Montini, spiritualità profonda e radicale

A far decidere per la canonizzazione di Paolo VI medici, teologi, cardinali e vescovi legati alla Congregazione delle Cause dei Santi è stato il caso di una gravidanza ad alto rischio, conclusasi favorevolmente con la nascita della bambina sana. Il miracolo è stato attribuito all’intercessione di papa Montini. I temi della vita nascente e della regolazione della fertilità sono stati tra i più divisivi, quando 50 anni fa venne promulgata la Humanae Vitae, provocando dissensi anche dentro la Chiesa. Qual è il suo giudizio, oggi, su quel documento?

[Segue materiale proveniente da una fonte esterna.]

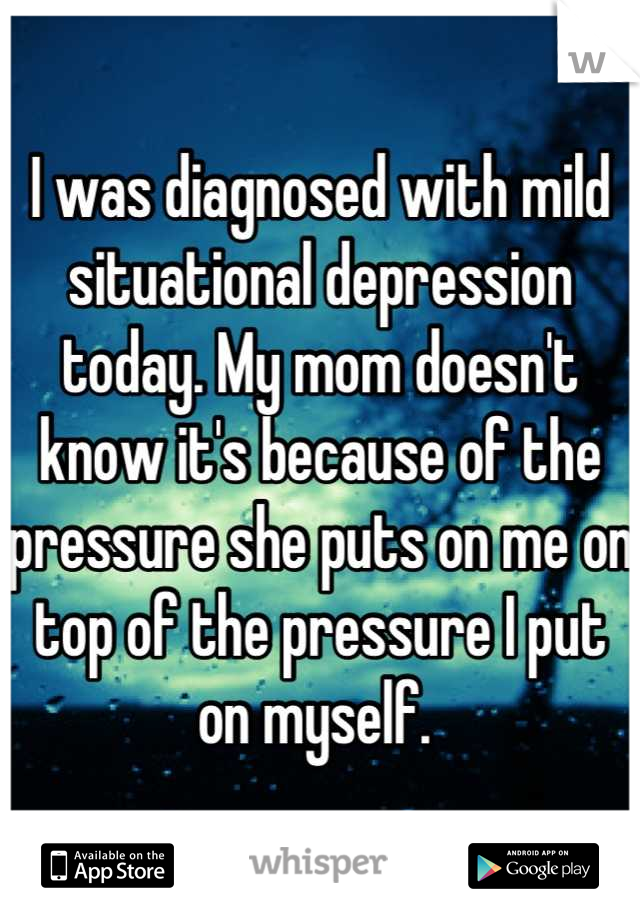 I was diagnosed with mild situational depression today. My mom doesn't know it's because of the pressure she puts on me on top of the pressure I put on myself. 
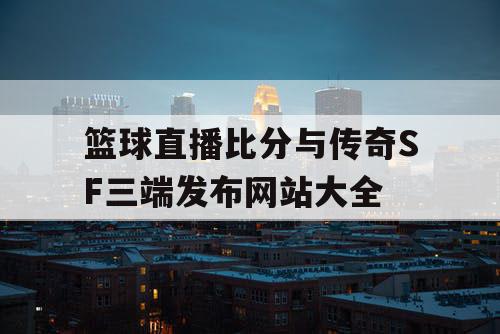 篮球直播比分与传奇SF三端发布网站大全 篮球直播比分与传奇SF三端发布网站大全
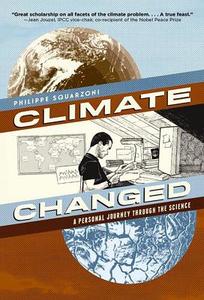 Climate Changed di Philippe Swuarzoni edito da Abrams & Chronicle Books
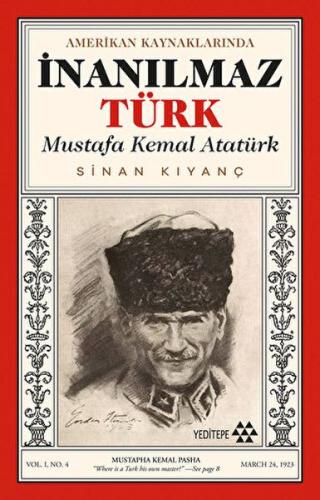 Amerikan Kaynaklarında İnanılmaz Türk - Mustafa Kemal Atatürk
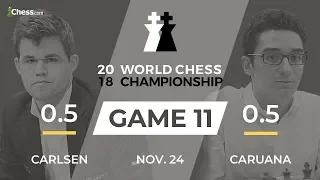 Carlsen vs Caruana (Game 11 Broadcast): World Chess Championship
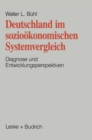Image for Deutschland im soziookonomischen Systemvergleich: Diagnose und Entwicklungsperspektive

Paolo VI si trovò di fronte a una decisione che avrebbe fatto tremare chiunque. Avocò a sé il tema del rapporto tra il significato unitivo del matrimonio e la sua fecondità: non ritenne che il Concilio fosse maturo per affrontarlo. Era necessario e indispensabile un supplemento di lavoro. Creò una commissione, ma gli sembrò che le sue conclusioni non portassero a chiarezza. Ne creò quindi una più ristretta. E infine prese su di sé, dopo lunghissima preghiera, meditazione e travaglio, la responsabilità di ogni decisione. Certo, l’Humanae Vitae non può essere ricondotta solamente al tema della contraccezione. Esso è infatti inquadrato all’interno di una visione personalistica del matrimonio, che riprende e approfondisce la stessa visione conciliare. Così come Amoris Laetitia non è riconducibile solamente al capitolo VIII.
Ma il mondo attendeva il pronunciamento della Chiesa sul “birth control”. Lo attendevano soprattutto le grandi industrie farmaceutiche, le istituzioni internazionali che avevano come filosofia centrale la riduzione delle nascite di fronte alla paura del sovraffollamento del pianeta e che in seguito avrebbero condizionato i loro aiuti economici ai popoli poveri ad una stretta politica di riduzione della natalità. Paolo VI si rese conto di trovarsi di fronte ad una questione epocale. Non si può dividere l’esperienza unitiva fra l’uomo e la donna dall’esperienza della fecondità. La negazione di questo avrebbe comportato conseguenze gravissime nell’unità della famiglia, nel rapporto fra i generi, nella concezione dell’esperienza della maternità. Come purtroppo poi è accaduto in tutto il mondo.
La Chiesa sa benissimo che l’ideale che essa propone è alto e nello stesso tempo rispettoso della natura dell’uomo e della donna. Il compito della Chiesa non è di condannare i peccatori, ma di mostrare una via possibile, anche attraverso un’infinità di cadute. Per questo non sente come obiezione alla sua visione sull’uomo la fatica a viverla così come essa predica. Si affianca all’uomo in cammino per aiutarlo.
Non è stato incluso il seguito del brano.